▸ **SUPPLIED DATA**:
--- START ---
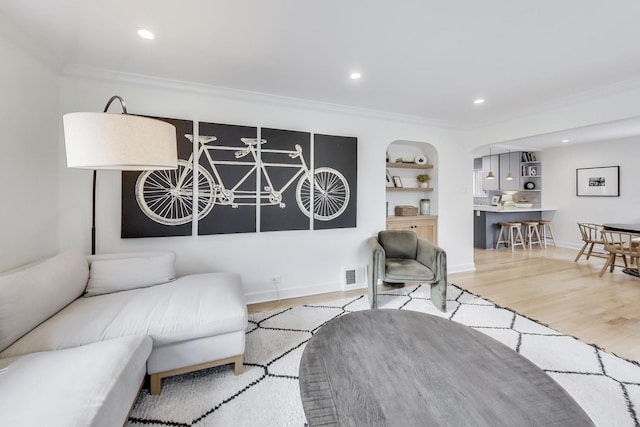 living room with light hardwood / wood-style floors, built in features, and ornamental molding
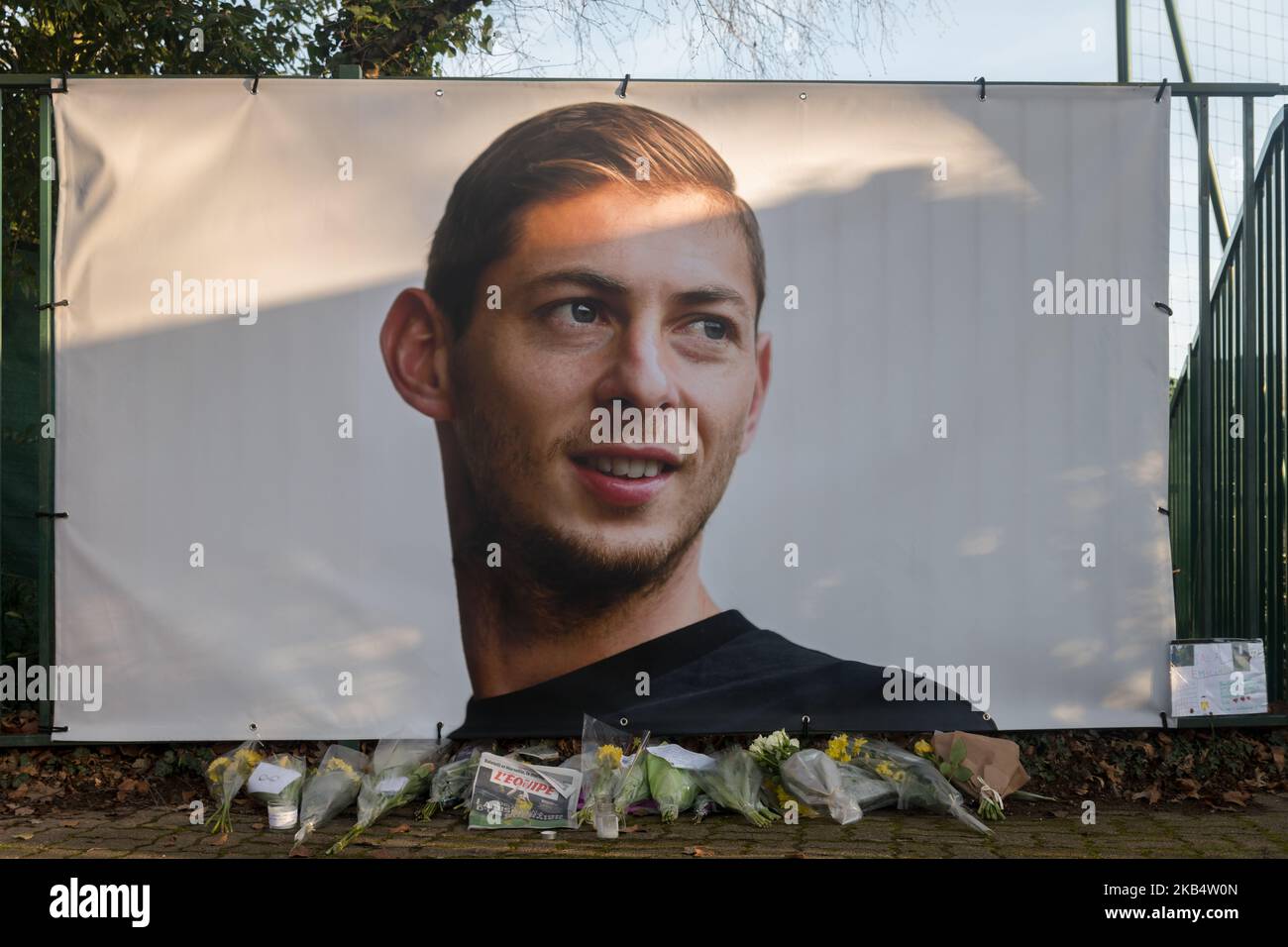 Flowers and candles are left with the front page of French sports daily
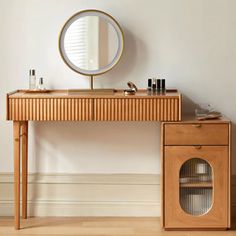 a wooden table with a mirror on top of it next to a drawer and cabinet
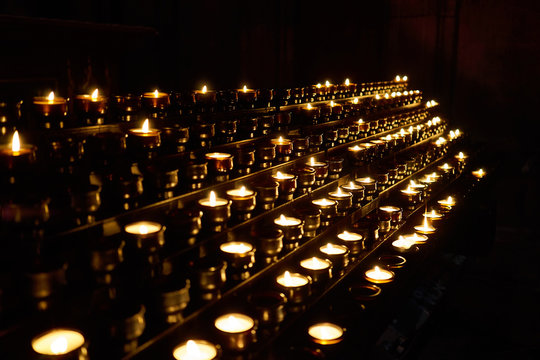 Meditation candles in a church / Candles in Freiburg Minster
--- END ---
▸ **PROBLEM DETAILS**:
The whole listing should be printed again exactly as written, images excluded.

▸ **RESULT FOR THIS EXERCISE**:
 living room with light hardwood / wood-style floors, built in features, and ornamental molding
 Flowers and candles are left with the front page of French sports daily
 a wooden table with a mirror on top of it next to a drawer and cabinet
 Meditation candles in a church / Candles in Freiburg Minster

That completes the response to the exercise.